_DESCRIPTION OF THE TASK_
Print exactly, and only, the lines running from the line containing "Mexico Crossed Bats" through the end of the records below.

_INPUT FOR THIS TASK_
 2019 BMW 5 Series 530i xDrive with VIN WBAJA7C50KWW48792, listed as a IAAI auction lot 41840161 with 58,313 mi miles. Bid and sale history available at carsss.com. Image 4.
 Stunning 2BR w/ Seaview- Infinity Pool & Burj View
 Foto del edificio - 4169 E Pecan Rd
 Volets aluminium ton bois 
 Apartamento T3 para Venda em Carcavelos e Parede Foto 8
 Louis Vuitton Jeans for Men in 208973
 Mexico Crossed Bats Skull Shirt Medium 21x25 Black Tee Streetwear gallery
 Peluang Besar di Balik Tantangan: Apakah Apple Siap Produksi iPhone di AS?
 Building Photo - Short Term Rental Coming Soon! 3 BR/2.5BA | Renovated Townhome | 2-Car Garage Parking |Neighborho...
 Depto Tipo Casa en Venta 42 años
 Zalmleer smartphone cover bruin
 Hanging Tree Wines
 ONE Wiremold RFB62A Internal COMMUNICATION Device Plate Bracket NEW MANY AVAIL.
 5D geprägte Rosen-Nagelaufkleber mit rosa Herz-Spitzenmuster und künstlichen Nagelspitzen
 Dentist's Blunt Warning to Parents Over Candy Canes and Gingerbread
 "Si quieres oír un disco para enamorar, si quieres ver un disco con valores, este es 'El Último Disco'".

_WRITTEN ANSWER_
 Mexico Crossed Bats Skull Shirt Medium 21x25 Black Tee Streetwear gallery
 Peluang Besar di Balik Tantangan: Apakah Apple Siap Produksi iPhone di AS?
 Building Photo - Short Term Rental Coming Soon! 3 BR/2.5BA | Renovated Townhome | 2-Car Garage Parking |Neighborho...
 Depto Tipo Casa en Venta 42 años
 Zalmleer smartphone cover bruin
 Hanging Tree Wines
 ONE Wiremold RFB62A Internal COMMUNICATION Device Plate Bracket NEW MANY AVAIL.
 5D geprägte Rosen-Nagelaufkleber mit rosa Herz-Spitzenmuster und künstlichen Nagelspitzen
 Dentist's Blunt Warning to Parents Over Candy Canes and Gingerbread
 "Si quieres oír un disco para enamorar, si quieres ver un disco con valores, este es 'El Último Disco'".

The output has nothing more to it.